最初は驚く通行人をケタケタ笑っていた彼らであったが、夜が更けるとめっきり人通りが少なくなり、だんだん飽きてしまった。もうそろそろ撤収しようかと投稿者が提案するが、グループの1人、若杉さんが、もう少し粘ろうとか言っている隙に、いつの間にかボックス内に女性がいるではないか。受話器を取り電話をかけている様子だが、唐突に若杉さんの携帯のバイブが鳴動する。着信元は「公衆電話」。若杉さんが電話に出ると相手は「見せてやる」とかなんとか言っていたらしい。まさかあの女がかけてきたのか?電話ボックスに目を向けると既に女はいない。
ちょっとビビった彼らは撤収することにして、電話ボックスに仕込んだ携帯を外しに向かう。携帯を引っぺがすと、今度は本当に公衆電話が鳴り出した。逡巡する彼らだが、覚悟を決めて若杉さんが受話器を取る。だが彼は無言のままである。その時、投稿者のカメラは、ボックスのガラスに写る不気味な顔を目撃してしまう。投稿者は慌てて道路を挟んだ車付近まで逃げ出すが、若杉さんは受話器を握ったままである。しばらくして彼は道路を渡って、とぼとぼこちらに歩いてくるが、いきなり猛スピードの車に跳ねられてしまう。
この車の運転手は彼ら共通の友人であったが、奇妙なことにこの時のことを何も覚えていないという。実はこの友人は若杉さんと共謀し、投稿者達に逆ドッキリを仕掛けようとしていた。後から駆けつけて幽霊の扮装をして脅かそうとしていたらしい。若杉さんが「もう少し粘ろう」と言い出していたのは彼を待っていたからかもしれない。

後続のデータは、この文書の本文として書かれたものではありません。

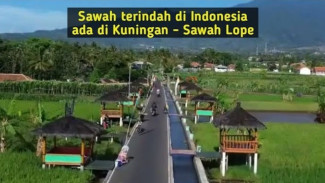 Jalan-jalan ke Sawah Lope Kuningan, Trek Jogging di Tengah Sawah dan Pemandangan Bukit yang Bikin Hati Adem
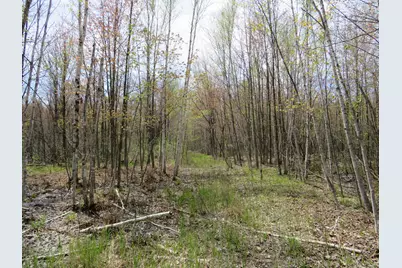 N Chippewa Road, Mount Pleasant, MI 48858 - Photo 7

取材陣が現場で調査をすると、この電話ボックス周辺での事故や事件などは確認できず、そればかりか幽霊の噂など何も聞くことができなかった。あの噂は若杉さんの捏造だったのか。なら、写り込んだ女性の姿や顔、かかってきた電話はいったい何だったのだろうか。
若杉さんは大けがを負い、生活に支障きたすほどの障害を追ってしまった。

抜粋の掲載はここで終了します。